EXTRACTED RECORDS section start

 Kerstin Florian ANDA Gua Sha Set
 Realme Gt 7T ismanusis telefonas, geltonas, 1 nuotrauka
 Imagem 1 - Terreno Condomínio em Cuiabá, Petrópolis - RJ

EXTRACTED RECORDS section end
EXTRACTED RECORDS section start

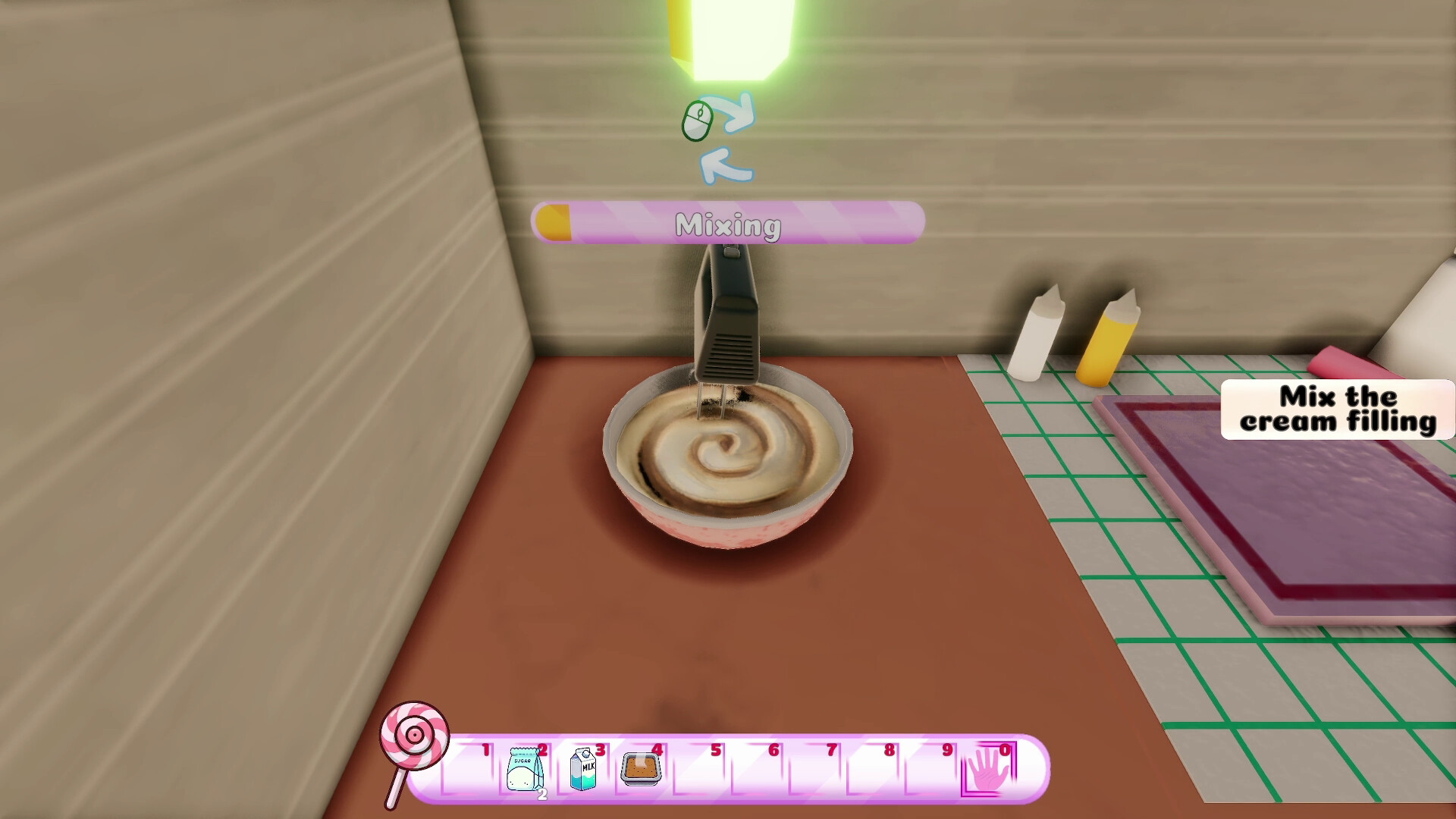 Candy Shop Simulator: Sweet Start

EXTRACTED RECORDS section end

PROBLEM TO SOLVE »
Among the records above, only the lines between the line holding "Realme Gt 7T" and the line holding "Imagem 1 - Terreno", inclusive, are to be output, exactly as written.

SOLUTION TO THIS TASK »
 Realme Gt 7T ismanusis telefonas, geltonas, 1 nuotrauka
 Imagem 1 - Terreno Condomínio em Cuiabá, Petrópolis - RJ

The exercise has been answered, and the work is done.